“The human component is where the challenge is,” said Dan Thompson, Wyoming Game and Fish Department large carnivore section supervisor. “One of the first things they teach you when you go to school to be a biologist is that you’re going to be dealing with humans 90 percent of the time and wildlife 10 percent of the time.”
Thompson is responsible for the management of grizzly and black bears, mountain lions and wolves. Every one of the species is controversial.
Mountain lions, for example, were once hunted for a bounty. The $50 a head paid in the 1930s was the equivalent of more than $750 today, according to data from the U.S. Bureau of Labor statistics. That led to overhunting of the species.

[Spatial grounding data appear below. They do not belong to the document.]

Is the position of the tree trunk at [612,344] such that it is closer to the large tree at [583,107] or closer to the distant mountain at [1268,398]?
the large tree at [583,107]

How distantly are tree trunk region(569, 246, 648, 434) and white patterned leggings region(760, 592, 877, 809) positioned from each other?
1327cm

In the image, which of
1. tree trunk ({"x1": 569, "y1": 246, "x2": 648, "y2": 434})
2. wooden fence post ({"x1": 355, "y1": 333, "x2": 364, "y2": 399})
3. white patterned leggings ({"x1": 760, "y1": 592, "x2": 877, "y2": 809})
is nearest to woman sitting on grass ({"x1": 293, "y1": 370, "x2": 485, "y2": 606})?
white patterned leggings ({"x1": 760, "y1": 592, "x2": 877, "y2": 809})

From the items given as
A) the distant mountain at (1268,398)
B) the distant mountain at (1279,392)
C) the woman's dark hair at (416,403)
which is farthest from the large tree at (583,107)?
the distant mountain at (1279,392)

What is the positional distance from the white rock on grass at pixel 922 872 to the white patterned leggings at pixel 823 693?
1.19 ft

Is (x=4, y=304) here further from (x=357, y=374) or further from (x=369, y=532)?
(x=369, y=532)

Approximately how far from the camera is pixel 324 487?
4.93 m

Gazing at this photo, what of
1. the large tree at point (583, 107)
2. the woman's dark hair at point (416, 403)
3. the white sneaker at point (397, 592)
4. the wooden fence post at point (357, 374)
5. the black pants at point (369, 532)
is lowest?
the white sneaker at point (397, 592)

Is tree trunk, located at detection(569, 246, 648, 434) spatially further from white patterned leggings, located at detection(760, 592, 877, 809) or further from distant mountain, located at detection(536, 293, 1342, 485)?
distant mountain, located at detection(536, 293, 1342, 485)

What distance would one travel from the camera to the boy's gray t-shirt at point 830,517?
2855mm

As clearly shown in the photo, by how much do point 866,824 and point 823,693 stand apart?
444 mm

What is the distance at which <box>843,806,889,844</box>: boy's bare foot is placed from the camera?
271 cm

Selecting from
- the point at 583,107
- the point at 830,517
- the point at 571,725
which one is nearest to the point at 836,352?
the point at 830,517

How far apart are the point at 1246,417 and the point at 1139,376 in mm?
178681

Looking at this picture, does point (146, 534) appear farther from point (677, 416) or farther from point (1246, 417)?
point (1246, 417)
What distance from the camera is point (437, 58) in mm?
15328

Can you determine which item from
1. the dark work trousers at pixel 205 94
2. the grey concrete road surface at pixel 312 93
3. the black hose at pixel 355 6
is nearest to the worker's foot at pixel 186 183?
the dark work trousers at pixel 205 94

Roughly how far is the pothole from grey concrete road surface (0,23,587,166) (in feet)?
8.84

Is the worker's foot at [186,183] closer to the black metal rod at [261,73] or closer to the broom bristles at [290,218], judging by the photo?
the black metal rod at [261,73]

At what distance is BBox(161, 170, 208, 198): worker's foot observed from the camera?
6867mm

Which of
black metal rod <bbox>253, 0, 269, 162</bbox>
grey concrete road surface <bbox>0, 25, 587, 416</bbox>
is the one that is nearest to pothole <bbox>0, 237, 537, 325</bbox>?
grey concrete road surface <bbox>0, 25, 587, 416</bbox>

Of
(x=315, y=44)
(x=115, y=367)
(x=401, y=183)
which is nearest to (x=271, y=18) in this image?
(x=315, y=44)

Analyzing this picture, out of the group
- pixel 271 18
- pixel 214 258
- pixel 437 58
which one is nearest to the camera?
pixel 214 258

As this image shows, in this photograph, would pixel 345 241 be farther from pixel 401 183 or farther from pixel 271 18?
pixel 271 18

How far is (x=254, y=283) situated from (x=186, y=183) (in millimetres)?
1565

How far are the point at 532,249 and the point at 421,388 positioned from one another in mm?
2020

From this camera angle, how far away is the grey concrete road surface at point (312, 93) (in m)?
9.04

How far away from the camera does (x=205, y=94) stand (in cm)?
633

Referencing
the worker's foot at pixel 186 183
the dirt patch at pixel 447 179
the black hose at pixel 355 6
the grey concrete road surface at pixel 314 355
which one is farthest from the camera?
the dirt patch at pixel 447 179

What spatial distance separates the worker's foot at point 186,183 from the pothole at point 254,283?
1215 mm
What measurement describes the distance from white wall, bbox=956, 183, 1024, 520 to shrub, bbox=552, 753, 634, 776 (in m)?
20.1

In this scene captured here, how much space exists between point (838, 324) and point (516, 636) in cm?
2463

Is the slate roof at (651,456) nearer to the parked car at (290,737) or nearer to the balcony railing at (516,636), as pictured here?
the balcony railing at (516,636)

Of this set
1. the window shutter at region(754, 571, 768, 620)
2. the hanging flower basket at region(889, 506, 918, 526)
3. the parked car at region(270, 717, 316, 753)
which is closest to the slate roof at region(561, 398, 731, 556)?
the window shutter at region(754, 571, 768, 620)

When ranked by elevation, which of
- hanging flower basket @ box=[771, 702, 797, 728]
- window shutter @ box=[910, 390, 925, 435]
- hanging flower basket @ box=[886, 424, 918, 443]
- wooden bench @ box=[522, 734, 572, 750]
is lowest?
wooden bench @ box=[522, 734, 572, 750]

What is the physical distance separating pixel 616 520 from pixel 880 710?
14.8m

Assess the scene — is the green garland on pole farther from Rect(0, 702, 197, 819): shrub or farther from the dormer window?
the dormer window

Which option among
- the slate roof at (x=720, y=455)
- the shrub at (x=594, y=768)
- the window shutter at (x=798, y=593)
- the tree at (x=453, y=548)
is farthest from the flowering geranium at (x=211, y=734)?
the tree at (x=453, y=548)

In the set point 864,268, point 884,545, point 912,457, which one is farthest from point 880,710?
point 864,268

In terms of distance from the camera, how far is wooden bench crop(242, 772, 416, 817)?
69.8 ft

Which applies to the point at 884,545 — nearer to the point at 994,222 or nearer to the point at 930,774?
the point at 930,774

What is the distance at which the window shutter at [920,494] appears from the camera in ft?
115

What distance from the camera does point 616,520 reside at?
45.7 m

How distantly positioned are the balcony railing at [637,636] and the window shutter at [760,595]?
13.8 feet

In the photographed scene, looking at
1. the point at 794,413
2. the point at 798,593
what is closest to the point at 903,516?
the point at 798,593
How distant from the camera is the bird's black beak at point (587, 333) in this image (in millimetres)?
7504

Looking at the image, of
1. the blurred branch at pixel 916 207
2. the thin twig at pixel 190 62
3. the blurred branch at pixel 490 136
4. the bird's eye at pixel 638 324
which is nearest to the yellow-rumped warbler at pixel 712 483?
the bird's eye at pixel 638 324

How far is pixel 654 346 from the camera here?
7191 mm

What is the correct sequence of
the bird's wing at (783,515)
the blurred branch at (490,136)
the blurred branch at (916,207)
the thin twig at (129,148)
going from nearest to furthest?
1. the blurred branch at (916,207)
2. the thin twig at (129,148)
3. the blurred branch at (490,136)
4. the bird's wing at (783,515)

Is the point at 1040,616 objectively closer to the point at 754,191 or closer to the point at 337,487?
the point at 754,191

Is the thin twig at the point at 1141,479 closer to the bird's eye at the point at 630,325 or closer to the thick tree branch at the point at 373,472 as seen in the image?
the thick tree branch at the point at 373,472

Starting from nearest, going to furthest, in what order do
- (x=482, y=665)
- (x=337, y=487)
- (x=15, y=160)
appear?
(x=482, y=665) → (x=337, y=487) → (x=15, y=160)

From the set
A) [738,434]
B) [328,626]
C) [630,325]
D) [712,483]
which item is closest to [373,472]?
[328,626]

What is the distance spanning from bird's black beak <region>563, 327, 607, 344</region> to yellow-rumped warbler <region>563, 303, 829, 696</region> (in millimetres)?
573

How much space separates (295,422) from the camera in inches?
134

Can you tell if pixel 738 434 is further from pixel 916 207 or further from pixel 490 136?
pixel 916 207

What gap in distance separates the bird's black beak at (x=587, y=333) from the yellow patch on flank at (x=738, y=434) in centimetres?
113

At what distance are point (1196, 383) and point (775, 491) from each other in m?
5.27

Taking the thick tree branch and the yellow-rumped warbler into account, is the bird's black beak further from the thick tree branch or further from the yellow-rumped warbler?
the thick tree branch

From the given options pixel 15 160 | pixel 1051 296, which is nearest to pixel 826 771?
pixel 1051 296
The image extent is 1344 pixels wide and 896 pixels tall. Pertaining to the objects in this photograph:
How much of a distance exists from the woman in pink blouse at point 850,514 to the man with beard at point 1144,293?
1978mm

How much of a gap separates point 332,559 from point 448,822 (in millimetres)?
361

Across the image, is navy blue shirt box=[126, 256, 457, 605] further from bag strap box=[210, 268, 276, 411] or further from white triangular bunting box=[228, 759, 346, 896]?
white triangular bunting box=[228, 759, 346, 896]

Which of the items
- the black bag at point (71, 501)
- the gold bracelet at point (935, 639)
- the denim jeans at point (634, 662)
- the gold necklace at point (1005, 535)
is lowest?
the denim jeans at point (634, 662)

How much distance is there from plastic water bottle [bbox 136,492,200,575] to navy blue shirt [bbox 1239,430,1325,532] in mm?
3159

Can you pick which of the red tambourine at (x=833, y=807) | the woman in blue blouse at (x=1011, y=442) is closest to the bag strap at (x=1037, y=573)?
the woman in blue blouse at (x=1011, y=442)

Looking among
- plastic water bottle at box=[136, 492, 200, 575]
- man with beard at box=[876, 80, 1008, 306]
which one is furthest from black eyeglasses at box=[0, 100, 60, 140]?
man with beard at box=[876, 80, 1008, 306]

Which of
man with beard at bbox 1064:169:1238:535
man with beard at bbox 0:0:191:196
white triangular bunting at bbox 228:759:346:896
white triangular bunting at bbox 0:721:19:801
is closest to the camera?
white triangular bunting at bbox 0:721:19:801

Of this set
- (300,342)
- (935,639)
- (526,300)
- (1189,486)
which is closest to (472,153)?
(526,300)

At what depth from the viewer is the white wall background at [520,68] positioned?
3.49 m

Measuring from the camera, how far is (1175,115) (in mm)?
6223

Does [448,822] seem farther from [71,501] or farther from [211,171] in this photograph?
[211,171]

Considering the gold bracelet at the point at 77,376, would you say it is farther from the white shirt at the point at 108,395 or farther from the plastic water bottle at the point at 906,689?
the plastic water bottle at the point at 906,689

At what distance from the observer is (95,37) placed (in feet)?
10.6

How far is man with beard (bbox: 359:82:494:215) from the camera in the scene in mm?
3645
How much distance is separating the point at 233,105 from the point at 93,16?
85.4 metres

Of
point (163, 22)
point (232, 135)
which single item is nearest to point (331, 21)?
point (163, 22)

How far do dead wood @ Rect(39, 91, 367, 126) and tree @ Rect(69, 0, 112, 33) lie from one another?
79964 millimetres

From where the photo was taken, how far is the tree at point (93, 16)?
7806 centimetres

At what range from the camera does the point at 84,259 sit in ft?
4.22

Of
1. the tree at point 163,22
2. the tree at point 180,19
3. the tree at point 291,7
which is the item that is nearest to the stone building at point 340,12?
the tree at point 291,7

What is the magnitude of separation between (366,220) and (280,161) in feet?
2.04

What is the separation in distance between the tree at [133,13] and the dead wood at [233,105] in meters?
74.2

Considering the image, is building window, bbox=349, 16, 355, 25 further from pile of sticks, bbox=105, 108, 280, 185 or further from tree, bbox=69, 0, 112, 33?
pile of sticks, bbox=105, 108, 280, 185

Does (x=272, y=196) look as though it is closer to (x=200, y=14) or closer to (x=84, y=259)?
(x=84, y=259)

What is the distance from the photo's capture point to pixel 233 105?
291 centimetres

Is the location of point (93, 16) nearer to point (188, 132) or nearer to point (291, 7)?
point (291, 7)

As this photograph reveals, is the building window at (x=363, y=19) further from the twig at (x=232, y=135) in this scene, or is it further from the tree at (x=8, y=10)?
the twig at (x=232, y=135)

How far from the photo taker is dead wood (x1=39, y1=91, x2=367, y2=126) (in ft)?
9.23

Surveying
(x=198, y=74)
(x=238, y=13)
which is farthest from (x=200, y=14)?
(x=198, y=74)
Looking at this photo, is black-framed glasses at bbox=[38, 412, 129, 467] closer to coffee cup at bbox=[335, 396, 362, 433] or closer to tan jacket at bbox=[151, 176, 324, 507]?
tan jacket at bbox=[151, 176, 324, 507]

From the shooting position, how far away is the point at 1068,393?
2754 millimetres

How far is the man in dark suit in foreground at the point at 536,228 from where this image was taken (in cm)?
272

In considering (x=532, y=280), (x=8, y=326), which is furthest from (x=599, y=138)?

The secretive cats were hunted to near-extinction in much of the U.S. before the first scientific research on the species was even attempted. Bounties were paid as recently as 1963. That was despite scientific research done 30 years prior by Aldo Leopold suggesting the payments were counterproductive to the ecosystem. Now, after decades of management based on science, we’re seeing a resurgence of large carnivores like mountain lions, Thompson said in a Thursday talk at the Buffalo Bill Center of the West.
He holds a doctorate in wildlife biology and co-authored the book “Managing Cougars in North America.”
In one of several confounding human aspects in managing the big cats, researchers had to try to refrain from calling the species cougars in recent decades, Thompson said, as searches on the internet for “cougars” were turning up inappropriate information.
Mitigating human reaction and conflict to large carnivore management is often more difficult than managing populations of a particular species.
Thompson’s speech last week followed eight public meetings about grizzly management across the state; a gathering in Cody drew about 200 people.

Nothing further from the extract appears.